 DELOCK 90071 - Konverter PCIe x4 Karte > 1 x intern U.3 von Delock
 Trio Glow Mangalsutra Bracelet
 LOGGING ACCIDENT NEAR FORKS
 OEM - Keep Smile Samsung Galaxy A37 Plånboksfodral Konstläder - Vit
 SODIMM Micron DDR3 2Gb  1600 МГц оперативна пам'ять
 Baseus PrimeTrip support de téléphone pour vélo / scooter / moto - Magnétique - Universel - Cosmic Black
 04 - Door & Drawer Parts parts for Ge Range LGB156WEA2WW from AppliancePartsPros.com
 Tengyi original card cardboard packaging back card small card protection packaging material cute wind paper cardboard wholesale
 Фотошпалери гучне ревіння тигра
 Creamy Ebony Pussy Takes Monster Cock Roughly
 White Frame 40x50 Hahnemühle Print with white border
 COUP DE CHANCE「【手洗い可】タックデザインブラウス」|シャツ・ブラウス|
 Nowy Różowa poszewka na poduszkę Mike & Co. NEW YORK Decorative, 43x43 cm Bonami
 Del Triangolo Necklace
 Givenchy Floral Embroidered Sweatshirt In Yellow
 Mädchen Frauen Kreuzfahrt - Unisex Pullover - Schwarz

INSTRUCTIONS TO FOLLOW = With the line containing "Givenchy Floral Embroidered" as the first and the last line of the records as the final one, print exactly the lines in that span.

SOLVED PROBLEM =
 Givenchy Floral Embroidered Sweatshirt In Yellow
 Mädchen Frauen Kreuzfahrt - Unisex Pullover - Schwarz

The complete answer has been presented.